(Short web captions)

════════════════

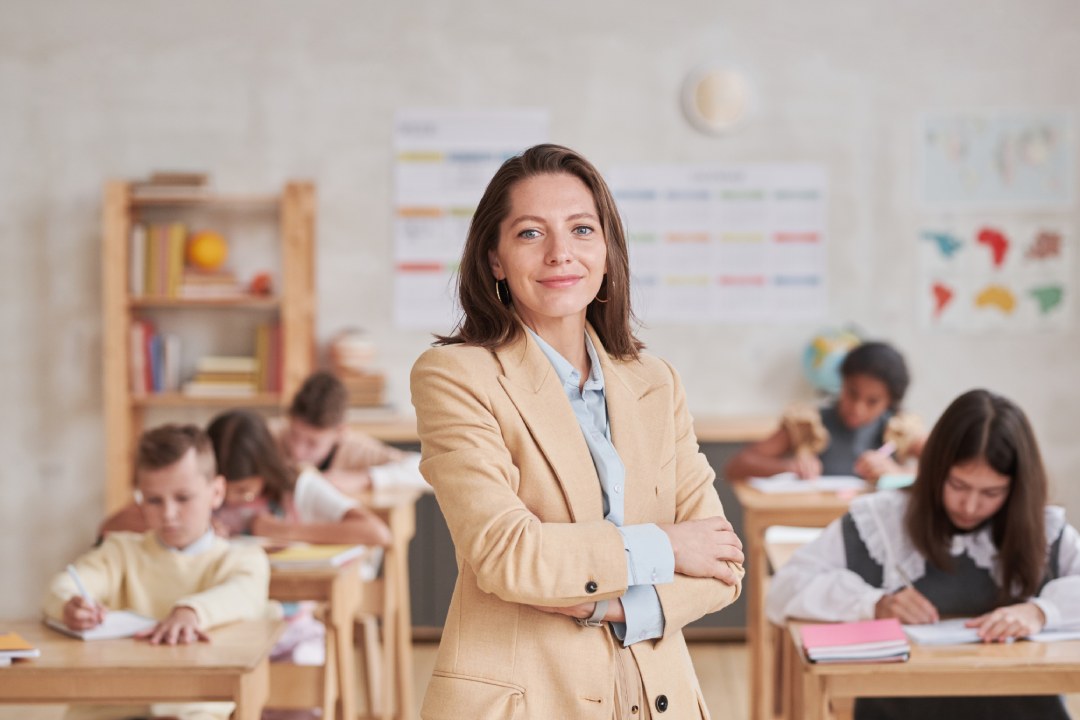 Waist up portrait of smiling female teacher looking at camera while posing confidently standing with arms crossed in school classroom, copy space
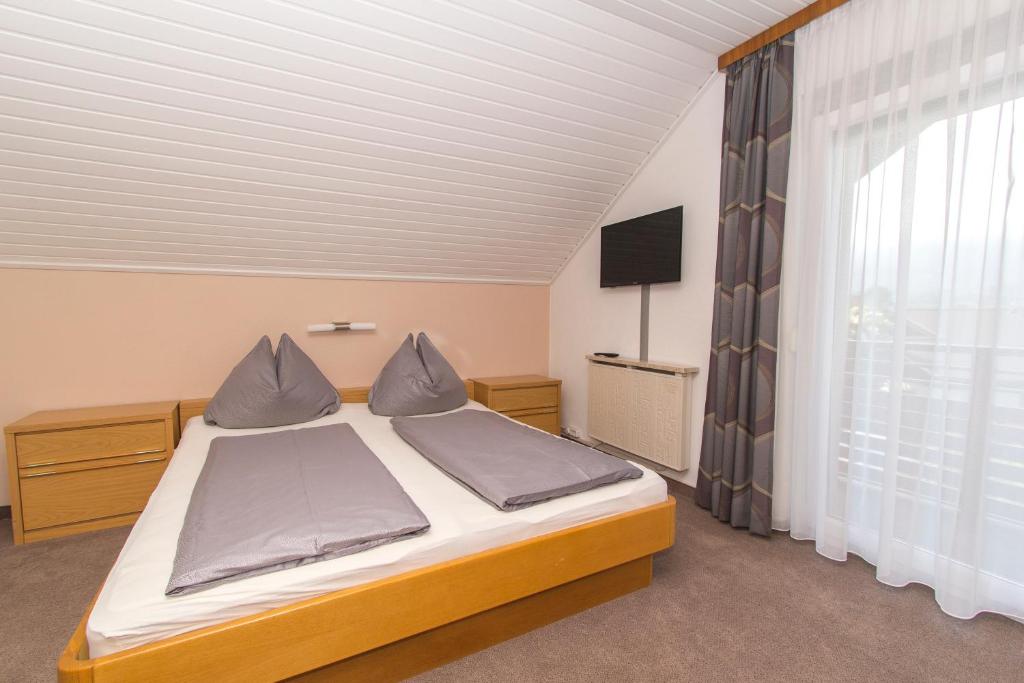 Postel nebo postele na pokoji v ubytování Gästehaus Wulz-Lesjak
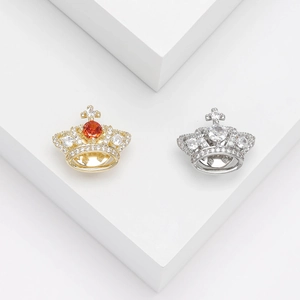 Luxury crown brooch with micro-paved cubic zirconia in gold and silver finish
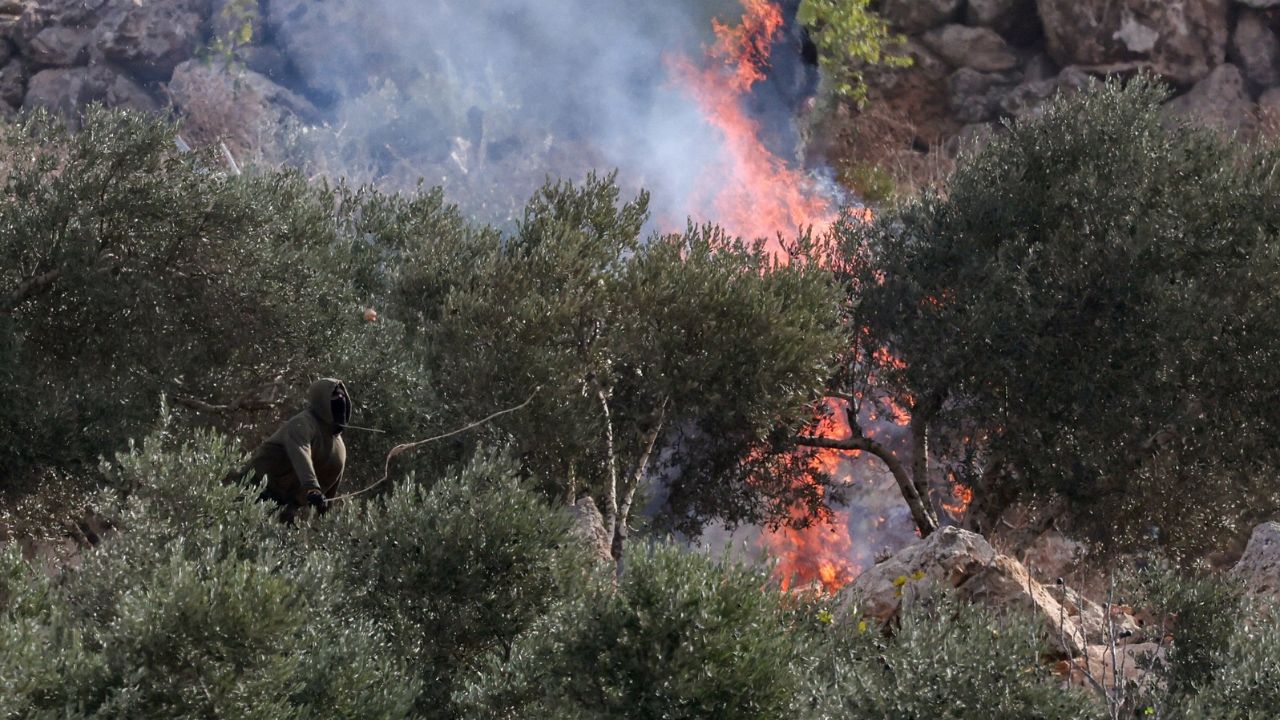 An Israeli settler casts a projectile towards Palestinians, near a fire, amid clashes during Palestinians' olive harvest in Abu Falah near Ramallah in the Israeli-occupied West Bank, October 16, 2026. REUTERS/Ammar Awad
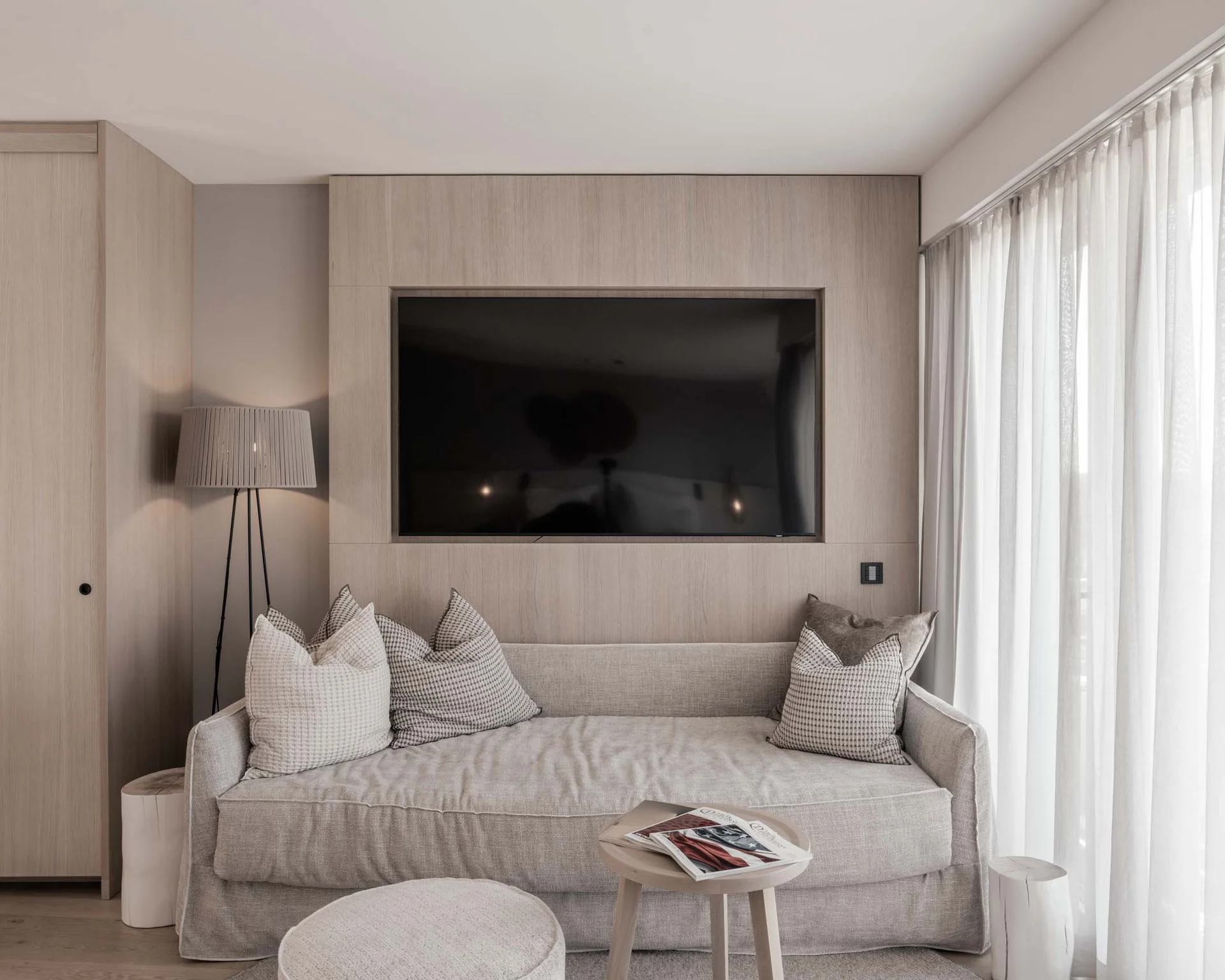 NILS am See: Impressionen eines Orts für das süße Leben Minimalistisches Wohnzimmer mit Sofa, Kissen, Stehlampe und großem Fernseher an Holzverkleidung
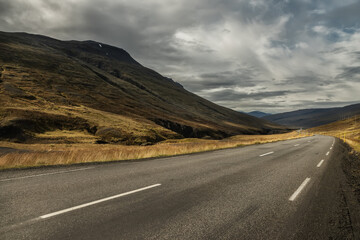 Fototapeta na wymiar a deserted asphalt road running away into the hills. Iceland. The spirit of travel and adventure. 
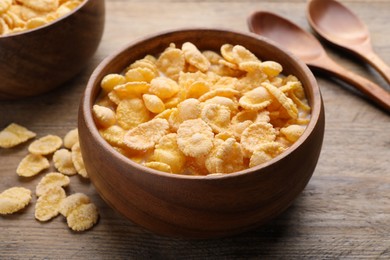Photo of Tasty cornflakes with milk served on wooden table, closeup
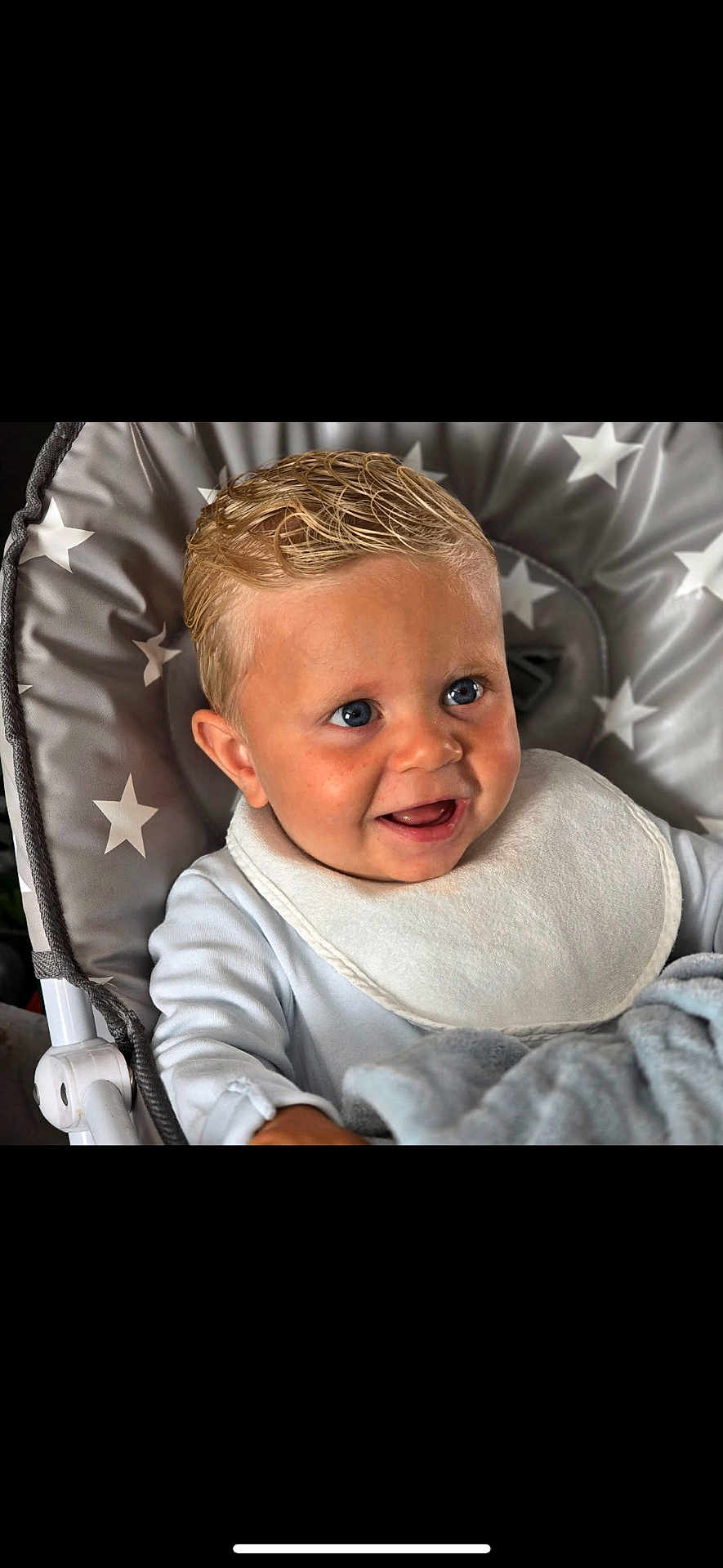 Beau-Harley is registered to the contest to win money with this photo: baby, child, infant, smiling, blue_eyes, blonde_hair, bib, blanket, baby_seat, star_pattern, clothing, cute, face, happy, indoors, person, portrait, seat, soft, young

════════════════

> [Exercise brief] Copy the records exactly as they appear, excluding images.

> [Exercise response]
 Waist up portrait of smiling female teacher looking at camera while posing confidently standing with arms crossed in school classroom, copy space
 Postel nebo postele na pokoji v ubytování Gästehaus Wulz-Lesjak
 Luxury crown brooch with micro-paved cubic zirconia in gold and silver finish
 An Israeli settler casts a projectile towards Palestinians, near a fire, amid clashes during Palestinians' olive harvest in Abu Falah near Ramallah in the Israeli-occupied West Bank, October 16, 2026. REUTERS/Ammar Awad
 NILS am See: Impressionen eines Orts für das süße Leben Minimalistisches Wohnzimmer mit Sofa, Kissen, Stehlampe und großem Fernseher an Holzverkleidung
 Fototapeta na wymiar a deserted asphalt road running away into the hills. Iceland. The spirit of travel and adventure. 
Photo of Tasty cornflakes with milk served on wooden table, closeup
 Beau-Harley is registered to the contest to win money with this photo: baby, child, infant, smiling, blue_eyes, blonde_hair, bib, blanket, baby_seat, star_pattern, clothing, cute, face, happy, indoors, person, portrait, seat, soft, young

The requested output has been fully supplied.